**About this task**
The answer must reproduce all of the data below exactly and contain no images.

**Given material**
####

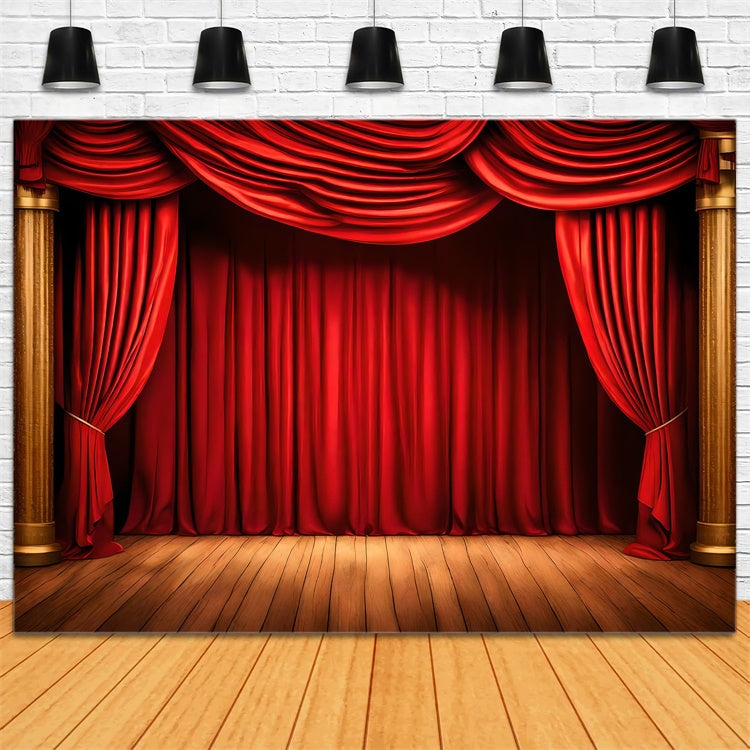 Backdrop Roter Teppich Klassisch Bühne Goldene Säule Backdrop GQ4-88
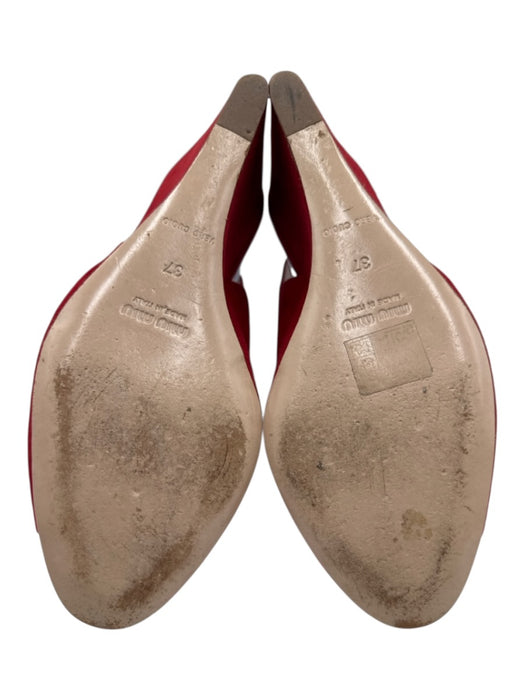 Miu Miu Shoe Size 37 Red Leather Suede Slingback Wedge Open Toe Sandals Red / 37
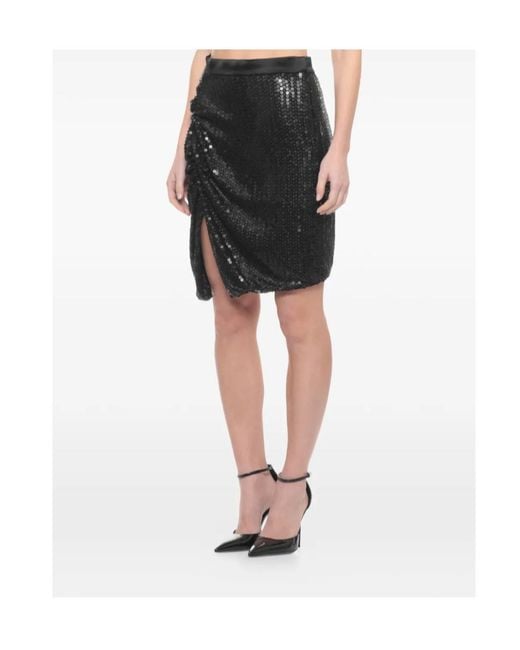 Vivienne Westwood Black Ruched Sequin Mini Skirt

####

**Output for this task**
 Backdrop Roter Teppich Klassisch Bühne Goldene Säule Backdrop GQ4-88
 Miu Miu Shoe Size 37 Red Leather Suede Slingback Wedge Open Toe Sandals Red / 37
 Vivienne Westwood Black Ruched Sequin Mini Skirt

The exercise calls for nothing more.